Introduction

Gestational diabetes mellitus (GDM) is a common pregnancy disorder and has long been defined as any degree of abnormal glucose metabolism, first detected or with first onset, during pregnancy [1]. The prevalence of GDM has been rising over the last decade [2, 3], making GDM a serious global health issue today.

Gestational diabetes mellitus has adverse short- and long-term effects on the pregnant woman and her child, both during pregnancy and later in life [4, 5], with maternal obesity augmenting the adverse effects on neonatal outcomes [6]. Some well-known risk factors for GDM include increase in maternal age, genetic predisposition for diabetes mellitus, non-Caucasian ethnicity, as well as maternal obesity [7], possibly also lifestyle and dietary related factors, parental smoking and an early age at menarche [7, 8]. A recent study emphasizes the importance of recognizing GDM as a heterogenic disorder with also non-obese women being affected—indicating the importance of a large number of risk factors [9]. Further, studies have shown that maternal stature alters glucose metabolism and that short women are at increased risk for GDM [10].

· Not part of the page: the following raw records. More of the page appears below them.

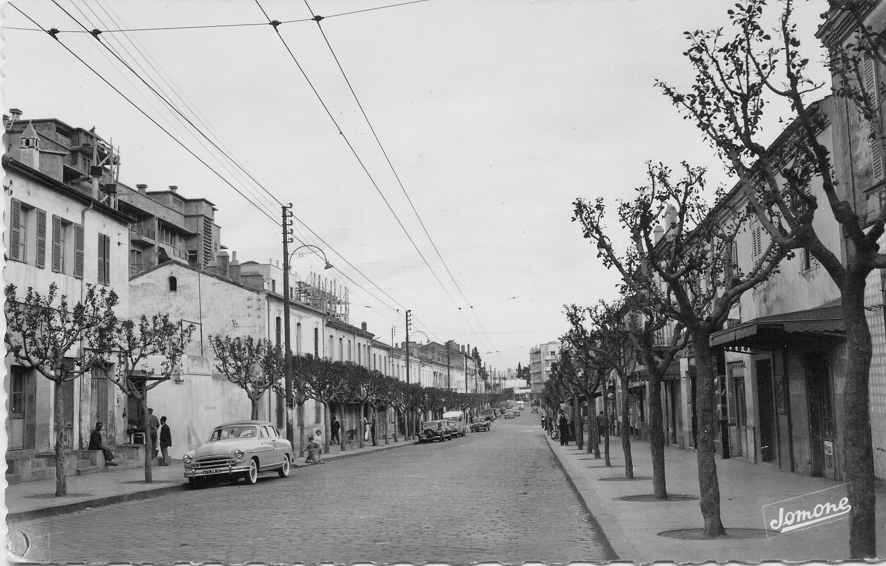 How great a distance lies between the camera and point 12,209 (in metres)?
25.2

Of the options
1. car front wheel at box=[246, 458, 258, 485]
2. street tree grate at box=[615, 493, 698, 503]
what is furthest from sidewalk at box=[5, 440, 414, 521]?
street tree grate at box=[615, 493, 698, 503]

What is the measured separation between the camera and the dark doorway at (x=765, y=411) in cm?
2538

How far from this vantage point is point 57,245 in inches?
1101

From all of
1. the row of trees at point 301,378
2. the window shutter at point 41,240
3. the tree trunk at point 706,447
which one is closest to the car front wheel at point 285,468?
the row of trees at point 301,378

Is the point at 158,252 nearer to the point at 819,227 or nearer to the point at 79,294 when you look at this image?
the point at 79,294

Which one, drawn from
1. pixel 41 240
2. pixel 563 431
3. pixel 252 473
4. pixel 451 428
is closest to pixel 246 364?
pixel 41 240

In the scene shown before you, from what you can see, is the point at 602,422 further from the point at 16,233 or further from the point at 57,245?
the point at 16,233

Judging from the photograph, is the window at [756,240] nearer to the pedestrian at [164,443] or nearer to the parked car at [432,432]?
the pedestrian at [164,443]

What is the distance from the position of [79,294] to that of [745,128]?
25.1 m

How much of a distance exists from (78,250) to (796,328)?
833 inches

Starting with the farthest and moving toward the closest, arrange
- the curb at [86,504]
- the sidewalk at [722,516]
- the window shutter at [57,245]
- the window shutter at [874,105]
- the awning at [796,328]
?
the window shutter at [57,245] → the awning at [796,328] → the curb at [86,504] → the window shutter at [874,105] → the sidewalk at [722,516]

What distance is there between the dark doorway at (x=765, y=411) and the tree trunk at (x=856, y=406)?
727 inches

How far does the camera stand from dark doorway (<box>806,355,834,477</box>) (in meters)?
20.1

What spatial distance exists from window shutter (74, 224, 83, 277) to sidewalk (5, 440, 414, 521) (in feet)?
20.3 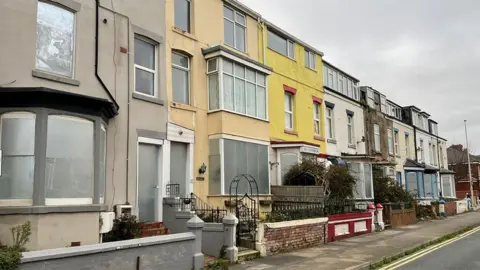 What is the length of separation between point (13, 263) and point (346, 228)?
528 inches

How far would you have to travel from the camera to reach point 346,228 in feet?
57.8

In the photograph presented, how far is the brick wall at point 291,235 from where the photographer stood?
42.3 feet

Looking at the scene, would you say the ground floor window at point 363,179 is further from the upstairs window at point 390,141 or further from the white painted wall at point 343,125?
the upstairs window at point 390,141

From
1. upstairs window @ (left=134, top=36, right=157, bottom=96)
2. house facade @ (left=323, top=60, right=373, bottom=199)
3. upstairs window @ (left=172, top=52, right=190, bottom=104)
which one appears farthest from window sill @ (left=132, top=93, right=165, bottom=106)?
house facade @ (left=323, top=60, right=373, bottom=199)

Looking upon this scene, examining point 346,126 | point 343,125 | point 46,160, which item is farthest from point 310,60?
point 46,160

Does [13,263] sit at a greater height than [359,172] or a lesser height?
lesser

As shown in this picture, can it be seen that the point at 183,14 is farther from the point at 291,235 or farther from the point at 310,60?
the point at 310,60

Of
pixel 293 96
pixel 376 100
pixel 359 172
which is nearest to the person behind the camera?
pixel 293 96

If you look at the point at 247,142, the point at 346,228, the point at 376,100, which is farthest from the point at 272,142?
the point at 376,100

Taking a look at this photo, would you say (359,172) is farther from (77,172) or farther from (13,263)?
(13,263)

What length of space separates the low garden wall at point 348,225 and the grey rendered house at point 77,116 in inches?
265

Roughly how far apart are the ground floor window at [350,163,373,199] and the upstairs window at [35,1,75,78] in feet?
53.3

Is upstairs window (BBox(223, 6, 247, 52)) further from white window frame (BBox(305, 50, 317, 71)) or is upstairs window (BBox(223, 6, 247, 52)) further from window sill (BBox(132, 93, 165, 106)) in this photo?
white window frame (BBox(305, 50, 317, 71))

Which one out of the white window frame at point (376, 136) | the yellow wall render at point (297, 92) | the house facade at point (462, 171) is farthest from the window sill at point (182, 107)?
the house facade at point (462, 171) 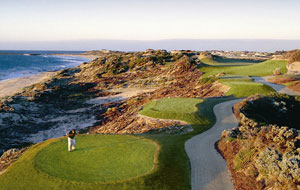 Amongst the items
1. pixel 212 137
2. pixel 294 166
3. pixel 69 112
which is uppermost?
pixel 294 166

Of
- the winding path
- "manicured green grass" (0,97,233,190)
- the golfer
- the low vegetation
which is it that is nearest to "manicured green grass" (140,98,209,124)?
the winding path

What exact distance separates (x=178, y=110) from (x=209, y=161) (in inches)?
479

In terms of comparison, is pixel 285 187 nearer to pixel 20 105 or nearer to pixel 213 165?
pixel 213 165

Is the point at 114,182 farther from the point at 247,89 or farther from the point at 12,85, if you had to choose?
the point at 12,85

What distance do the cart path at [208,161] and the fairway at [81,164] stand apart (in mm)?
2635

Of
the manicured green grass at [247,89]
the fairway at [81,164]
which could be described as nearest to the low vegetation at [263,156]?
the fairway at [81,164]

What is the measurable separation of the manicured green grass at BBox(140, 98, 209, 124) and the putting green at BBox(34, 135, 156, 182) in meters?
8.04

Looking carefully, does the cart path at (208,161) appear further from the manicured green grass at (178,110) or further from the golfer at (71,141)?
the golfer at (71,141)

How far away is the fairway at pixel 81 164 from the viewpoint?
40.1 feet

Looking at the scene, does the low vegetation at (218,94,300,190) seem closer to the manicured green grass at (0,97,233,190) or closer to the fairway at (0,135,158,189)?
the manicured green grass at (0,97,233,190)

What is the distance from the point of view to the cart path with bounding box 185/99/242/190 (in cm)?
1270

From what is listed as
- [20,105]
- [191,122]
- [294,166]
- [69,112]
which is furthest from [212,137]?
[20,105]

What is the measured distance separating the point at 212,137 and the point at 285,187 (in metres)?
9.22

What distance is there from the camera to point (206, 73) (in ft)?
197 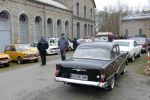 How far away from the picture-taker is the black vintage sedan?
7.76 m

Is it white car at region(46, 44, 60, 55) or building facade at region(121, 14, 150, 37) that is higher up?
building facade at region(121, 14, 150, 37)

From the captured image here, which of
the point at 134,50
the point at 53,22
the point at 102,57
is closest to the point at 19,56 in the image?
the point at 134,50

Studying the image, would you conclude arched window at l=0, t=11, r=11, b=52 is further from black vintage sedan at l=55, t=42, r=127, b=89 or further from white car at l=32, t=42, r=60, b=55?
black vintage sedan at l=55, t=42, r=127, b=89

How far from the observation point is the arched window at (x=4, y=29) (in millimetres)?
25594

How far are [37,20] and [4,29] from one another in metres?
7.51

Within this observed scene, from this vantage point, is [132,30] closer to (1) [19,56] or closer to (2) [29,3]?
(2) [29,3]

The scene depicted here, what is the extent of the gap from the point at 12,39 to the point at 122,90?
20.4 m

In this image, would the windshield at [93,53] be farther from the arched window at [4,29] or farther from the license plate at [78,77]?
the arched window at [4,29]

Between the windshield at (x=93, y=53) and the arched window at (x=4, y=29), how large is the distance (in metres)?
17.8

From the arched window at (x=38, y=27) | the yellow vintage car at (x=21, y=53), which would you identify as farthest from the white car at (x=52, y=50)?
the arched window at (x=38, y=27)

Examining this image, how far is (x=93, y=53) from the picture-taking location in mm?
9133

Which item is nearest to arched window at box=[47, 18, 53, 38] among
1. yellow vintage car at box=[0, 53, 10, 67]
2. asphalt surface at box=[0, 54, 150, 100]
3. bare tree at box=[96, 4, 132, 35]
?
yellow vintage car at box=[0, 53, 10, 67]

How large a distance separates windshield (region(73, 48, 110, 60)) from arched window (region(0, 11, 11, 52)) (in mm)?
17765

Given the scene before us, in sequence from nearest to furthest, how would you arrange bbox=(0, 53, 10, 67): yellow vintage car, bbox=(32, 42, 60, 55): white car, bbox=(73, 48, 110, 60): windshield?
bbox=(73, 48, 110, 60): windshield < bbox=(0, 53, 10, 67): yellow vintage car < bbox=(32, 42, 60, 55): white car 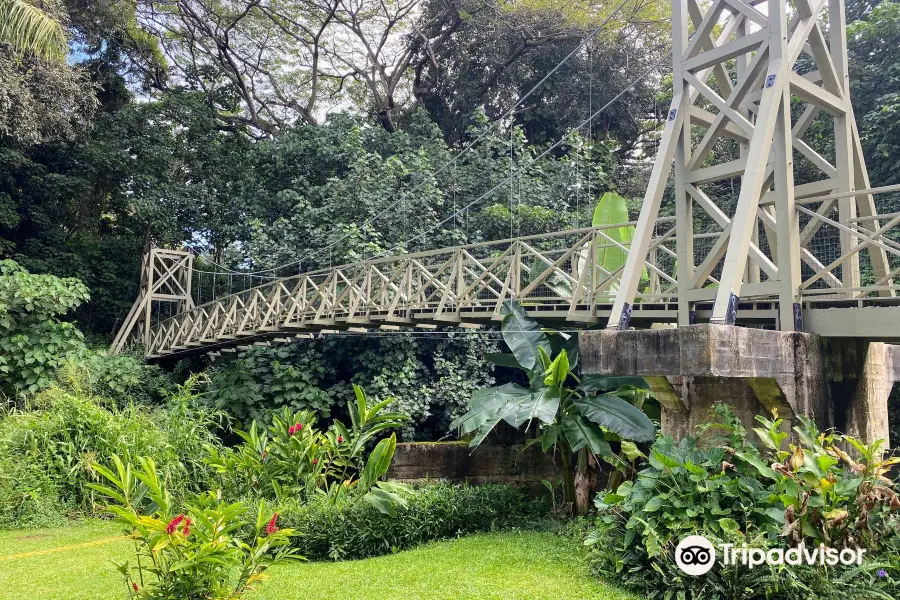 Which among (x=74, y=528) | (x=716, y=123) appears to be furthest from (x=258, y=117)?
(x=716, y=123)

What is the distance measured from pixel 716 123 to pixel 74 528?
22.9ft

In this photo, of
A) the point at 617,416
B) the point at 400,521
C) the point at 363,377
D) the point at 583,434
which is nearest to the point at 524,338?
the point at 583,434

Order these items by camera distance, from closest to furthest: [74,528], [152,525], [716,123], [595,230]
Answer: [152,525] → [716,123] → [595,230] → [74,528]

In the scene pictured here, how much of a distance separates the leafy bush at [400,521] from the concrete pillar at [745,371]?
7.65 feet

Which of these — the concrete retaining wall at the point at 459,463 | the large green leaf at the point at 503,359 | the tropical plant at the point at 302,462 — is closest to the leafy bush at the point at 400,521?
the tropical plant at the point at 302,462

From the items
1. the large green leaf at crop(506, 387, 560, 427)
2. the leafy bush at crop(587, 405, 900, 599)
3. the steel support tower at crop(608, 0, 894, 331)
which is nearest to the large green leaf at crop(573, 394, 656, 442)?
the large green leaf at crop(506, 387, 560, 427)

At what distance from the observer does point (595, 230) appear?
6242 mm

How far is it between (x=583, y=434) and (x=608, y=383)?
0.56 meters

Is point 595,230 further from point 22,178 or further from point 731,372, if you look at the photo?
point 22,178

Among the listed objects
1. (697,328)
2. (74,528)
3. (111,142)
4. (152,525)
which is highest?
(111,142)

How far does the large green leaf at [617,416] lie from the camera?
5383 millimetres

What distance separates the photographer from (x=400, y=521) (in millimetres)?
5895

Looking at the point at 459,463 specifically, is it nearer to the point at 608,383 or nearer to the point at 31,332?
the point at 608,383

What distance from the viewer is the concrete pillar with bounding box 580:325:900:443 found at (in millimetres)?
4008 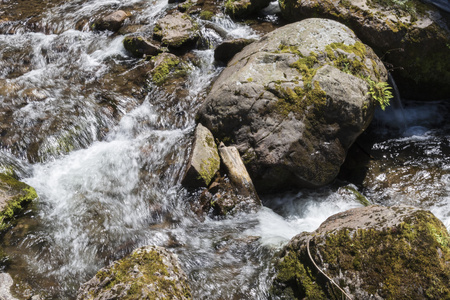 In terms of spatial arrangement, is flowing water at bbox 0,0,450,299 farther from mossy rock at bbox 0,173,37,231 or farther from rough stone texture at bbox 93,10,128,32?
rough stone texture at bbox 93,10,128,32

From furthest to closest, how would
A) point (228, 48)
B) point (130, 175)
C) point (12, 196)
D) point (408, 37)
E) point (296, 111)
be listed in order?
1. point (228, 48)
2. point (408, 37)
3. point (130, 175)
4. point (296, 111)
5. point (12, 196)

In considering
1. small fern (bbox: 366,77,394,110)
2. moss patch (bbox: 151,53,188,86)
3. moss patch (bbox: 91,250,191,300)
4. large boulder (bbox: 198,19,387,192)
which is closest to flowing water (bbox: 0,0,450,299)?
moss patch (bbox: 151,53,188,86)

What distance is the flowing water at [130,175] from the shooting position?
4.99 m

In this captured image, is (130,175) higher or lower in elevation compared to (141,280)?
lower

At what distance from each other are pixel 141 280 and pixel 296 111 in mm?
3982

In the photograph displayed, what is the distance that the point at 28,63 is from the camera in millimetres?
9766

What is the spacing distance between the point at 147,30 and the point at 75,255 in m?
7.91

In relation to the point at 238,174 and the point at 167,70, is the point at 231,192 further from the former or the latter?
the point at 167,70

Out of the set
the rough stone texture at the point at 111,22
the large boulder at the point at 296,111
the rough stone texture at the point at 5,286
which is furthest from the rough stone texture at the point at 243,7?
the rough stone texture at the point at 5,286

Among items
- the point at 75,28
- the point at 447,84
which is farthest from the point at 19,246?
the point at 447,84

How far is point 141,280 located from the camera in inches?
139

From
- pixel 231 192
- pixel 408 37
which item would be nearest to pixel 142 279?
pixel 231 192

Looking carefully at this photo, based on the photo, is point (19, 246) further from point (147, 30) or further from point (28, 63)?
point (147, 30)

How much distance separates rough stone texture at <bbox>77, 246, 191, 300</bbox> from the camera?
3.45 meters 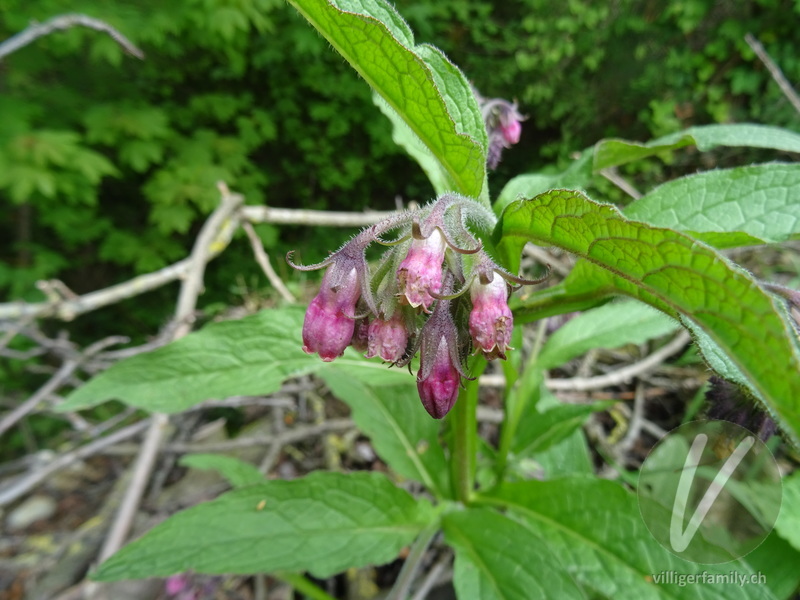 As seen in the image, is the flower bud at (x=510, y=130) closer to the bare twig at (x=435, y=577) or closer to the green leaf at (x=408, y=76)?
the green leaf at (x=408, y=76)

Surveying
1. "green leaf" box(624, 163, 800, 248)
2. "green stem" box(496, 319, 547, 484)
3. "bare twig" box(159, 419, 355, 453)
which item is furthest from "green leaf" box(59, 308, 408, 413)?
"bare twig" box(159, 419, 355, 453)

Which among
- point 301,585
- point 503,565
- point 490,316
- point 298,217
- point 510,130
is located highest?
point 510,130

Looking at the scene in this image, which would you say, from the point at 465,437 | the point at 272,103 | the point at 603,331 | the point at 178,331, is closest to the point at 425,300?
the point at 465,437

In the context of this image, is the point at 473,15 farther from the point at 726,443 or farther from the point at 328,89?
the point at 726,443

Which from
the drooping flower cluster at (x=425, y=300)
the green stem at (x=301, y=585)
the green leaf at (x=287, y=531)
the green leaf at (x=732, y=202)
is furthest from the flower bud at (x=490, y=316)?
the green stem at (x=301, y=585)

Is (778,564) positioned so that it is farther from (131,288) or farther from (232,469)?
(131,288)

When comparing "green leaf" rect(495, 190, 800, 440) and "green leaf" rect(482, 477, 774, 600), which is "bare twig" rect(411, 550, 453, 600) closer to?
"green leaf" rect(482, 477, 774, 600) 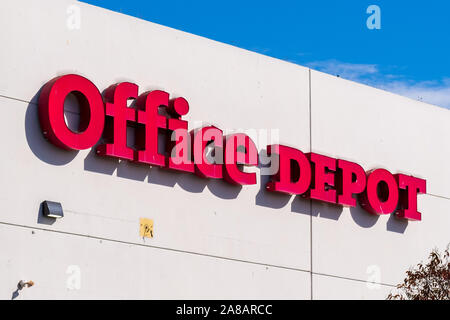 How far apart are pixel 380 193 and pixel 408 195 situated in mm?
818

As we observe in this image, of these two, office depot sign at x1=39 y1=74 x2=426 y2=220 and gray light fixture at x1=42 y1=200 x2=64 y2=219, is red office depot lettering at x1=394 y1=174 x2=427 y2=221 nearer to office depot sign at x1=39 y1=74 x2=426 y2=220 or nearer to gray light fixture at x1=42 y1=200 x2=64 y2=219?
office depot sign at x1=39 y1=74 x2=426 y2=220

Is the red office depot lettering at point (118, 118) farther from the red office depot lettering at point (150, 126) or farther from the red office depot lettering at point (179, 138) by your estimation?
the red office depot lettering at point (179, 138)

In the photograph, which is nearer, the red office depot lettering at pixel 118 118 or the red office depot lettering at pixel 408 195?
the red office depot lettering at pixel 118 118

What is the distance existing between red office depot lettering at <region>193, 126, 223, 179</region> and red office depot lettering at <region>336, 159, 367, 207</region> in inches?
153

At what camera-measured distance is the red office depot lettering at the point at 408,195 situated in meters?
27.4

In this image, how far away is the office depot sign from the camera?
21.0 m

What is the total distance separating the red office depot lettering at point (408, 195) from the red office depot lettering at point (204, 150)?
6.24 meters

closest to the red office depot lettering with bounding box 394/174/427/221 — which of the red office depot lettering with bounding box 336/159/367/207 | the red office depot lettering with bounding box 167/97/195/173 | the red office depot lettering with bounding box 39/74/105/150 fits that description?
the red office depot lettering with bounding box 336/159/367/207

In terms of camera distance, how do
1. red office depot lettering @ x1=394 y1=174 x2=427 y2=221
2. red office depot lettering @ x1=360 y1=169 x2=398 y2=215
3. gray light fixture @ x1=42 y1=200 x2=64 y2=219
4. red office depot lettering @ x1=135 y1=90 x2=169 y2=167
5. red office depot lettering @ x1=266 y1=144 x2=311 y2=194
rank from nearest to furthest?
gray light fixture @ x1=42 y1=200 x2=64 y2=219 → red office depot lettering @ x1=135 y1=90 x2=169 y2=167 → red office depot lettering @ x1=266 y1=144 x2=311 y2=194 → red office depot lettering @ x1=360 y1=169 x2=398 y2=215 → red office depot lettering @ x1=394 y1=174 x2=427 y2=221

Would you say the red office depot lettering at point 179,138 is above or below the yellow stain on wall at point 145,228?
above

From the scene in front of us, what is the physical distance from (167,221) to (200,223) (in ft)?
3.11

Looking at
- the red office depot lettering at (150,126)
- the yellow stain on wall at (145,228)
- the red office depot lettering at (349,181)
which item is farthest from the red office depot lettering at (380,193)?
the yellow stain on wall at (145,228) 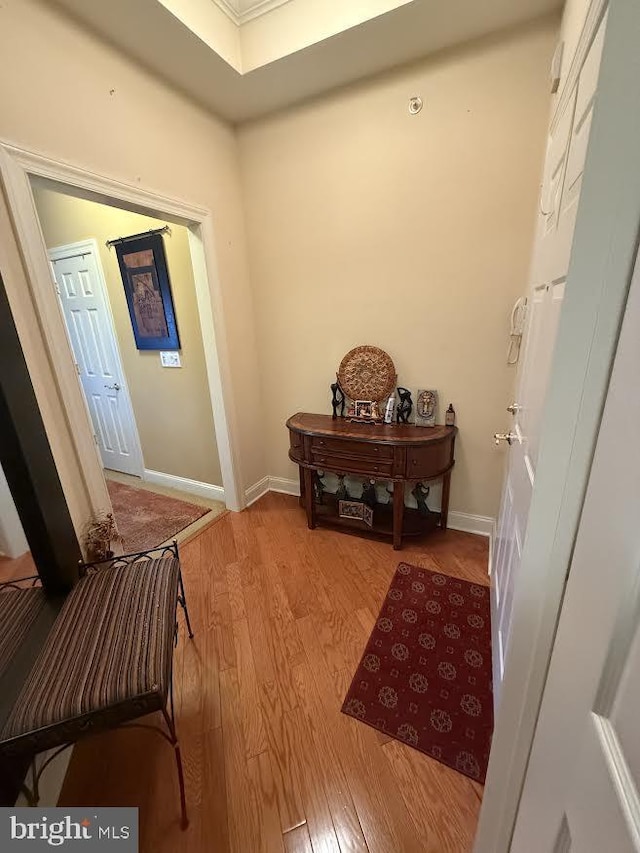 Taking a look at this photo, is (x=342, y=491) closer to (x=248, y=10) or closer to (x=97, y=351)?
(x=97, y=351)

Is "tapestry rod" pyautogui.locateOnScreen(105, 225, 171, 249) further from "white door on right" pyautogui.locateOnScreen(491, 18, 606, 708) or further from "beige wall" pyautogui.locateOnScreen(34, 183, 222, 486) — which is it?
"white door on right" pyautogui.locateOnScreen(491, 18, 606, 708)

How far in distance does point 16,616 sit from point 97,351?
2.47 m

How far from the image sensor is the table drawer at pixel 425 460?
6.36 ft

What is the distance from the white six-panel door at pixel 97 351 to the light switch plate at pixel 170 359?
509 mm

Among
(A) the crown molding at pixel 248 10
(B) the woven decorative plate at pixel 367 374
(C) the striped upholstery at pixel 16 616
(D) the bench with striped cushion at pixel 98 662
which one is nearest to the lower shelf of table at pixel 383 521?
(B) the woven decorative plate at pixel 367 374

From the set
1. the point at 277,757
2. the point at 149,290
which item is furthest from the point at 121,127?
the point at 277,757

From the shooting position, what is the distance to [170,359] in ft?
8.82

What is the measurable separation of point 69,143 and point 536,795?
2.48 meters

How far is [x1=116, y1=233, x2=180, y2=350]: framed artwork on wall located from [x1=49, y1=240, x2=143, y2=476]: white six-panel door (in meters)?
0.33

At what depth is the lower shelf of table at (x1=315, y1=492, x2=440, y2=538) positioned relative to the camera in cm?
220

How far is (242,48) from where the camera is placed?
1722 mm

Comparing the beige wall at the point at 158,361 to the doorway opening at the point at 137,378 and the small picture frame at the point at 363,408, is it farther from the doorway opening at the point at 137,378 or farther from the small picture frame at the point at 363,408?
the small picture frame at the point at 363,408

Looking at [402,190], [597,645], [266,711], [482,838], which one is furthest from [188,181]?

According to the Developmental Origins of Health and Disease (DOHaD) hypothesis prenatal environmental conditions might have long-lasting effects and affect an individual´s morbidity in adulthood [11], influencing for example the risk for cardiovascular and metabolic disturbances [12]. In several previous studies, a negative linear association between birth weight and risk for type 2 diabetes (T2D) has been observed [13, 14], although some findings indicating a U-shaped relationship between birth weight and risk of T2D exist [15]. The relationship between birth weight and risk for GDM has also been studied. The results have been conflicting as both studies indicating an inverse association [16,17,18], as well as a U-shaped relationship have been reported [19,20,21]. However, birth weight is a very crude measurement of body size at birth. Interestingly, only one recent study has assessed the relationship between maternal birth size using ponderal index (PI) as a measurement of body size at birth and risk for GDM, showing an inverse association [22].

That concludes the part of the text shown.